At the informal meeting in Brest, France, foreign officials came together to discuss the situation in Ukraine, where the deployment of tens of thousands of Russian military personnel raised alarms of possible aggression.
The common position consists of ten points and from the outset rejects the Kremlin’s intention to change the security order in Europe.
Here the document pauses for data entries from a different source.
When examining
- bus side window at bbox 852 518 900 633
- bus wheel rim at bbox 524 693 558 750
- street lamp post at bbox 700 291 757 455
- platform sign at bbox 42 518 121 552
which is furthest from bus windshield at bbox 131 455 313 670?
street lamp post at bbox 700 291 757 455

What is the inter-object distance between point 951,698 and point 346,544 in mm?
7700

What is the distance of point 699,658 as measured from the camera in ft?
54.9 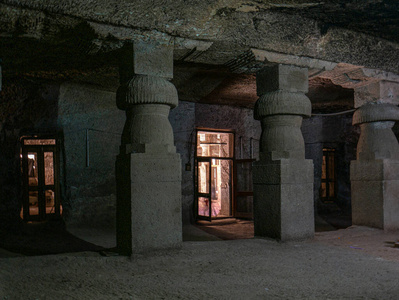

The 27 reject Russia’s “Sphere of Influence in Europe” after demanding guarantees that neighbors like Ukraine and Georgia will not join NATO.
“It can neither rewrite history nor go back in time,” said the EU High Representative for Foreign Affairs, Josep Borrell, at a press conference on the Russian demands.
The member states have also called on Russia to de-escalate tensions on the Ukrainian border and to support the path of dialogue with the USA, the OSCE and NATO that was opened this week.
Borrell has indicated that Russia is trying to “ignore and divide the EU” after it was not present as such in the talks, but stressed the coordination of the last few days with Washington with “more than a hundred contacts”.
“Russia is trying to divide us, but it has failed, we have a common front,” he said after the Decalogue agreed between the European partners and stressed that the EU was involved before, during and after contacts with Moscow.
In any case, in the event of a Russian attack on Kiev, Borrell pointed out that the countries had committed to defend Ukraine and reiterated that any aggression will have “heavy costs” on Russia as it will entail coordinated EU sanctions will draw and other international partners.
The 27 do not rule out sanctions and insist that they are prepared for the development of the Ukraine crisis, but in defense of dialogue they tend to work on mechanisms that will increase the transparency of military maneuvers and more trust between Russians and Europeans .
The Decalogue contains the fundamental elements that the EU defends in relation to the security order, without prejudice to the dialogue with Moscow, ultimately Europe’s largest and most powerful neighbor, which remains central to the bloc.